Andalusian scholar and jurist

Abū 'Abd-Allāh Ibn al-Azraq (ابن الأزرق) was a Muslim jurist born in Málaga, Al Andalus in 1427.

Educated in law in Málaga and Granada, he became a judge in Guadix, Málaga, and finally became the Supreme Judge of Granada under Sultan Abu al-Hasan. Ibn al-Azraq wrote a book on statecraft, in which he commented the work of Ibn Khaldun, entitled Marvel of State conduct, and the nature of authority.

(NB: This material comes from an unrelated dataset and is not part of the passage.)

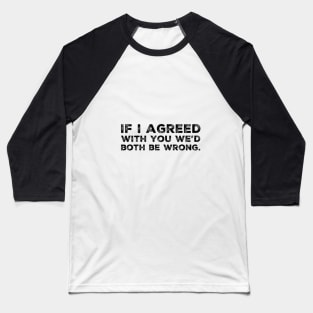 If i agreed with you we'd both be wrong. Baseball T-Shirt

In 1487, he was sent by the Nasrid dynasty as an envoy to Mamluk Egypt, in order to obtain help against the Spanish offensive against Granada. At the same time, two envoys were sent to the Ottoman Empire, with the same request for help, one from Xàtiva, and a certain Pacoret from Paterna. As his mission was fruitless, he remained in the Orient, and became judge in Jerusalem in 1491. He died the same year after a few months.